BY LINDA BAKER
Pete Newport (at right, holding son Kaden) with Sawyer Paddles founder Ralph Sawyer (left).
Over the past 20 years, Pete Newport has worked as a kayak instructor, marketing manager for Pepsi-Cola and owner of Bend-based Breedlove Guitar Company, which he grew to $10 million in sales before selling the company in 2010. Now Newport is embarking on yet another venture, as president of Talent-based Sawyer Paddles & Oars.
The position represents a homecoming of sorts for the 41-year-old Newport, who worked the night shift at Sawyer in 1993. Two decades later, he’s back, streamlining the company’s inventory and bringing a focus on quality and craftsmanship to the 45-year-old manufacturer.
“I’m coming from a competitive kayaking background,” said Newport, who took the reins at Sawyer in August 2011. “Lighter, beautiful, stronger.”
Founded in 1967, Sawyer Paddles is a market leader in the high-end oar industry and has been growing at about 10% annually over the past decade. Despite its strong position, the company, which employs 25, was ripe for reinvention, Newport says. The website had been under construction for two years, and many of the paddles “were state of the art 1960s and ’70s.” Sawyer also makes more than a thousand different products, ranging from pizza paddles to walking sticks. “While we are No. 1 at quality in certain things, in others we are No. 10,” Newport says.

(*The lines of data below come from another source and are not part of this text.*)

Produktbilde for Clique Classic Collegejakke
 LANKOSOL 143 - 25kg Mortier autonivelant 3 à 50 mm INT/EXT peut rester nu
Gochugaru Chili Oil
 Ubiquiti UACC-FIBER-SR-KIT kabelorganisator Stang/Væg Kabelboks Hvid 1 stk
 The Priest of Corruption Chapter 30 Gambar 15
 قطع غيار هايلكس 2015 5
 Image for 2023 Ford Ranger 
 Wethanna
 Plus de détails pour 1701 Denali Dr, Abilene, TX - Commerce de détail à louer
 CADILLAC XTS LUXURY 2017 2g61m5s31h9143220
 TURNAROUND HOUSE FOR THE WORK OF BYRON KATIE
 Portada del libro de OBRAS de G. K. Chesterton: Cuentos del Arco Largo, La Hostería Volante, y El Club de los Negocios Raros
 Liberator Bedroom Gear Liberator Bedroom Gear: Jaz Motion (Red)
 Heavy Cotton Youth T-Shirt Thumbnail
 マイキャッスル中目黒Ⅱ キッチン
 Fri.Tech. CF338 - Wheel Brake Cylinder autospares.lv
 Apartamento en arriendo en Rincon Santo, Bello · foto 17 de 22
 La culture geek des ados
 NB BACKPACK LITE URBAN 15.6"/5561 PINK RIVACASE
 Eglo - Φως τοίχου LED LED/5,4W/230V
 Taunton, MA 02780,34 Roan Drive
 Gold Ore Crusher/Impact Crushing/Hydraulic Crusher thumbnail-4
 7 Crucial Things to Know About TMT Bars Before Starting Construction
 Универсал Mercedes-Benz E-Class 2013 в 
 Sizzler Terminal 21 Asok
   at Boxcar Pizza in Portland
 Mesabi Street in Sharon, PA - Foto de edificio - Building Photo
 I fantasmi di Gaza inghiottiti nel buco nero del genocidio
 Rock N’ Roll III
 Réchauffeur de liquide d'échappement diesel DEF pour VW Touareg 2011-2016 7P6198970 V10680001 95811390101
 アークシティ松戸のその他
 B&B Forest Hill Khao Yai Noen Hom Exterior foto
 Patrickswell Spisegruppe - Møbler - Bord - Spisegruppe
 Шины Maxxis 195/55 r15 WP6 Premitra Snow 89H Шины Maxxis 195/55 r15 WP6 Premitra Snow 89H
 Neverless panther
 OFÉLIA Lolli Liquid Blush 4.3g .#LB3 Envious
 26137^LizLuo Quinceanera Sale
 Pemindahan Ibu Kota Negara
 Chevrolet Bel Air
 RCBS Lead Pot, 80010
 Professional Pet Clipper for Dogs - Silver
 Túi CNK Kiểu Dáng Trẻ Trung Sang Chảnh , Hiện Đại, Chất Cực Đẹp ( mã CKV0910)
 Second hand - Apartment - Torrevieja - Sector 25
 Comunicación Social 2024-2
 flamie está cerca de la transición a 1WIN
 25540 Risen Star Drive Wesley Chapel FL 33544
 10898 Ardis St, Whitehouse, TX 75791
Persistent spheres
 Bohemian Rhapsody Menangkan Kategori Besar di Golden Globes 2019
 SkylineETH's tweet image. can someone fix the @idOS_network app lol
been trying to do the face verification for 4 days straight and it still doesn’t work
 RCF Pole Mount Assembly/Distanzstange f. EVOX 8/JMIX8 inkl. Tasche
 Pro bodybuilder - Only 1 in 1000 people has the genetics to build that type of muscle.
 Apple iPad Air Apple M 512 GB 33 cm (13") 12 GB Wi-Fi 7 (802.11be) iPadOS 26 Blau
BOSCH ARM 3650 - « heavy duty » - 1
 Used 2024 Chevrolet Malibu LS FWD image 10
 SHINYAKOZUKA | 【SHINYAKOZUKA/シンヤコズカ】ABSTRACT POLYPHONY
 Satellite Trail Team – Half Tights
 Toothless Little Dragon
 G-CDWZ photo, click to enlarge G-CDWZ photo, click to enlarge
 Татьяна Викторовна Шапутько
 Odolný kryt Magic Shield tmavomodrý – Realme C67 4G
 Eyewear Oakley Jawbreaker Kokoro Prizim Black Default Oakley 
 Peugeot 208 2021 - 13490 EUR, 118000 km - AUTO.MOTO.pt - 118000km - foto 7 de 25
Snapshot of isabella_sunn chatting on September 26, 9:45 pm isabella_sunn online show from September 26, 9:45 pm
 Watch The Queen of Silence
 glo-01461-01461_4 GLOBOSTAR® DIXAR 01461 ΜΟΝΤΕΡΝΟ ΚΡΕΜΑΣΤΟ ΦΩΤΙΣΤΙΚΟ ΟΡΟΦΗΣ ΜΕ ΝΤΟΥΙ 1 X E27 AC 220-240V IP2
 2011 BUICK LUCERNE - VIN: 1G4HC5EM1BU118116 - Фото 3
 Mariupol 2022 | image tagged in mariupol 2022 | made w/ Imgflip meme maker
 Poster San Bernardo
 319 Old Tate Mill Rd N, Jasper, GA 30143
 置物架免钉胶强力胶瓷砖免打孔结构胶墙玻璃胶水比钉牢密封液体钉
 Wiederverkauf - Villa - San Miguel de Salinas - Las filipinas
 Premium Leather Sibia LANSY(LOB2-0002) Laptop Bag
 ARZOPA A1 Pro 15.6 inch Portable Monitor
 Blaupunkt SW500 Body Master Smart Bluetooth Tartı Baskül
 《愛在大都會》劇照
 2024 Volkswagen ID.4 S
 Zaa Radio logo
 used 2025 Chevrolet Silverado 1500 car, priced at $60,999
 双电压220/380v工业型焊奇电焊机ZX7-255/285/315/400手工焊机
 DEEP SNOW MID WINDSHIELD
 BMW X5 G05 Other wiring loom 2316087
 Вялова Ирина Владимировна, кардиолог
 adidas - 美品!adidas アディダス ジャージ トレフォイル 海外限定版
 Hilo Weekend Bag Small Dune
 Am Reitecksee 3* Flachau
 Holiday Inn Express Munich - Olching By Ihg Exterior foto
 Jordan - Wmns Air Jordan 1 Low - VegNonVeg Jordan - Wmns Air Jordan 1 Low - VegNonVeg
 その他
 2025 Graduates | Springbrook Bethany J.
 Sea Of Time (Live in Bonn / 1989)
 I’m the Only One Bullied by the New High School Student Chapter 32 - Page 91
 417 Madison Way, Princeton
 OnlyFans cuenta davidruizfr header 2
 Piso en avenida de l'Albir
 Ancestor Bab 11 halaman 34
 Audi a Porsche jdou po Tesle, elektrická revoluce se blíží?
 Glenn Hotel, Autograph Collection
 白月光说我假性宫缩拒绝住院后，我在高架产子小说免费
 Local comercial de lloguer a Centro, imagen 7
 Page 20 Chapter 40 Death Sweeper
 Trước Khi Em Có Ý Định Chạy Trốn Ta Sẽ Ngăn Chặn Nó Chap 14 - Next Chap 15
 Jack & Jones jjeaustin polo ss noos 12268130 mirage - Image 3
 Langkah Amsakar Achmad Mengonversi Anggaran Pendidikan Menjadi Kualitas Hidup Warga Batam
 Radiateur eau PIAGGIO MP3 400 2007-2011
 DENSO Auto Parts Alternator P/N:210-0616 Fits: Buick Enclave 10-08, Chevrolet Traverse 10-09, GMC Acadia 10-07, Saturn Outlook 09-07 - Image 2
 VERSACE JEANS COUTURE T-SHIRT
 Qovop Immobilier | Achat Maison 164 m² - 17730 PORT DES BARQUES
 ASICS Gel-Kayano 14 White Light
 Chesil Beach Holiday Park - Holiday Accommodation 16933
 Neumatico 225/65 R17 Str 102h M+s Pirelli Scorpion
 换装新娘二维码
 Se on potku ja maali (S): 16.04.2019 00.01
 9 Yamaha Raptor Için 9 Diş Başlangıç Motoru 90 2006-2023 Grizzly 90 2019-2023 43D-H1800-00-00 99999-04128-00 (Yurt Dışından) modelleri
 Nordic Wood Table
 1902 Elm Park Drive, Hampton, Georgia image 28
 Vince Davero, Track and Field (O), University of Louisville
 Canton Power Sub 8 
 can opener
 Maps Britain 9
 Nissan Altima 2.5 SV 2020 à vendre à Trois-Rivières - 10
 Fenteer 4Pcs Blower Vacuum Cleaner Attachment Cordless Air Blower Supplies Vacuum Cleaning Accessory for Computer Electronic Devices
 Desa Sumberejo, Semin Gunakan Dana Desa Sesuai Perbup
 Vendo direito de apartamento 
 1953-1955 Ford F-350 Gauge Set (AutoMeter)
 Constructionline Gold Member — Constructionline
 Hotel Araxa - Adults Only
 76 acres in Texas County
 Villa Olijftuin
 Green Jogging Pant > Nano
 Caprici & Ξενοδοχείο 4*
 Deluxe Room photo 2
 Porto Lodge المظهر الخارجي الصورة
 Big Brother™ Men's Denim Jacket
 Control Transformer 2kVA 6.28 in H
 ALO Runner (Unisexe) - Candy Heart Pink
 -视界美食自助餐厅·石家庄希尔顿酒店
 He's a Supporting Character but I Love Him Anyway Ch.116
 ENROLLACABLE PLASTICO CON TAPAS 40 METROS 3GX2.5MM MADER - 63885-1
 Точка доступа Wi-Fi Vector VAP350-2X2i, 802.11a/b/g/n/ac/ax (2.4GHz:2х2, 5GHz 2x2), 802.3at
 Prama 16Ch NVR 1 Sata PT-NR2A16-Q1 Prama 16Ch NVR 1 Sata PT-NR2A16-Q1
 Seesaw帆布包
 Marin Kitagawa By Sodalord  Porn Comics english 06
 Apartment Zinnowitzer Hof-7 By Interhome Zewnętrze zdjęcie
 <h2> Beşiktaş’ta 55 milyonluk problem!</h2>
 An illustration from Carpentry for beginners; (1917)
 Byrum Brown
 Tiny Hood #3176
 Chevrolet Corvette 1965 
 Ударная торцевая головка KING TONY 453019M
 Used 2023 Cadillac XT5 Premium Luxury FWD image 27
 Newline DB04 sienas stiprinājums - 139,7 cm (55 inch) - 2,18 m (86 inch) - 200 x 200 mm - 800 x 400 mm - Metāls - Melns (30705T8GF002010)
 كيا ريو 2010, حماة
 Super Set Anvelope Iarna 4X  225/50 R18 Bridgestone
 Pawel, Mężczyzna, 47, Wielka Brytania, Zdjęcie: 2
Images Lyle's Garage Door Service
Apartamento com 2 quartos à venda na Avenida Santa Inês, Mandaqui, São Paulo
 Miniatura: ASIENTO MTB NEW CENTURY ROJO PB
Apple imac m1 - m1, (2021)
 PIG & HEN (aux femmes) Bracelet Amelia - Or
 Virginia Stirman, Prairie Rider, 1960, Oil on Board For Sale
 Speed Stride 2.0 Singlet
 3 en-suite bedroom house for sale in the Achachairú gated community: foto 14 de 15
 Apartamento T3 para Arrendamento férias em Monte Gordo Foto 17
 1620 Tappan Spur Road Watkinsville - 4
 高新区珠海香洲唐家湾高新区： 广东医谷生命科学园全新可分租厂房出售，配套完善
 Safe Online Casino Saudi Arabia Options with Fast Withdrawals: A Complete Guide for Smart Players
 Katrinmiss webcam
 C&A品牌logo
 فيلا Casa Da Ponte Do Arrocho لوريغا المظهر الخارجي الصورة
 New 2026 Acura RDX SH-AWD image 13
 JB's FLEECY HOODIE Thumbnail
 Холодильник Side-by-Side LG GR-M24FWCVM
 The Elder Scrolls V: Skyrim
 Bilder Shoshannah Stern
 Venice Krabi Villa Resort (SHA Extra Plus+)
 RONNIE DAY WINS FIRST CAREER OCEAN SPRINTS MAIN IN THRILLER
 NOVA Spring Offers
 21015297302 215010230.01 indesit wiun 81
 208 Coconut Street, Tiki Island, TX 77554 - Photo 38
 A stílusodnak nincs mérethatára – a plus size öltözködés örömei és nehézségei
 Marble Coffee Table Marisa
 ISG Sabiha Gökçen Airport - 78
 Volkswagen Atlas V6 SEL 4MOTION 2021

To update the company inventory, Newport plans to reduce the number of items, leaving about 400 products “that will stand the test of being No. 1 in their niches.” He cites as an example a paddle designed for ocean rowing. Other initiatives are under way. Drawing on his guitar-making background, Newport plans to produce limited-edition collector oars, and to celebrate the company’s 45th anniversary, he has launched a promotional campaign soliciting customer stories about their waterborne adventures. “The company has a lot of growth, but the brand has gotten a little stale,” he says. “We’re reinvigorating it by talking to our customers.”
Of course, the more things change, the more they stay the same. Today Newport lives with his wife and son above the Sawyer factory — the same facility where he sanded paddles as a 22-year-old working the graveyard shift. Observes Newport: “We serve as night watchmen in addition to everything else.”